If there was a dome you would indefinitely want to be stuck under, it would be the new Geelong Library and Heritage Centre.
Currently under construction and located 75 kilometres from Melbourne, the $45 million building will feature a deliberately modern domed design by ARM Architecture – a design developed to complement rather than compete with existing heritage buildings in the precinct.
The idea of blending the building and park through various forms was explored during the concept design phase. The final design of The Dome, conceived as an erosion of spherical forms, not only extends the building into the park, but is reminiscent of great library reading rooms such as the State Library of Victoria.
One of the goals of the project, realised through this contemporary design, is to serve as a catalyst for further development and increased activity in central Geelong.
The new nine-storey building will replace the existing structure, which is more than 50 years old, and be built on the original building’s footprint in Johnstone Park. The expanded facility will consist of a café, community areas for meetings and learning programs, and exhibition spaces connected to the Geelong Art Gallery.
Stretching over 6,000 square metres, the new Geelong Library and Heritage Centre will also include a children’s exploration and discovery zone, a youth area, as well as a heritage centre repository. When completed, it will hold 120,000 print and multimedia collection items.
These various amenities allow the library to provide access to information through print collections and multi-media platforms, as well as offer public meeting spaces for locals and visitors alike.

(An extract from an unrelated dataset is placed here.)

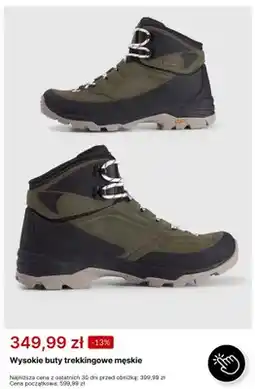 4F Wysokie buty trekkingowe męskie oferta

The redevelopment is funded by the City of Greater Geelong ($20 million), the State Government ($15 million) and the Federal Government ($10 million). According to Federal Minister for Regional Australia, Simon Crean, the new facility will “strengthen access to information and learning for a projected population of 500,000 by 2059”.
But it is the design that will first draw the people in, said Geelong Mayor Darryn Lyons.
“I love history and heritage, and the building that will be rising before your eyes over the next two years will allow the Heritage Centre to tell the story of Geelong brilliantly, displaying it in a way that we’ve never been able to do before,” he said.
The project will create approximately 100 jobs during construction and 17 on-going jobs. Work on the building is expected to be completed by late 2015.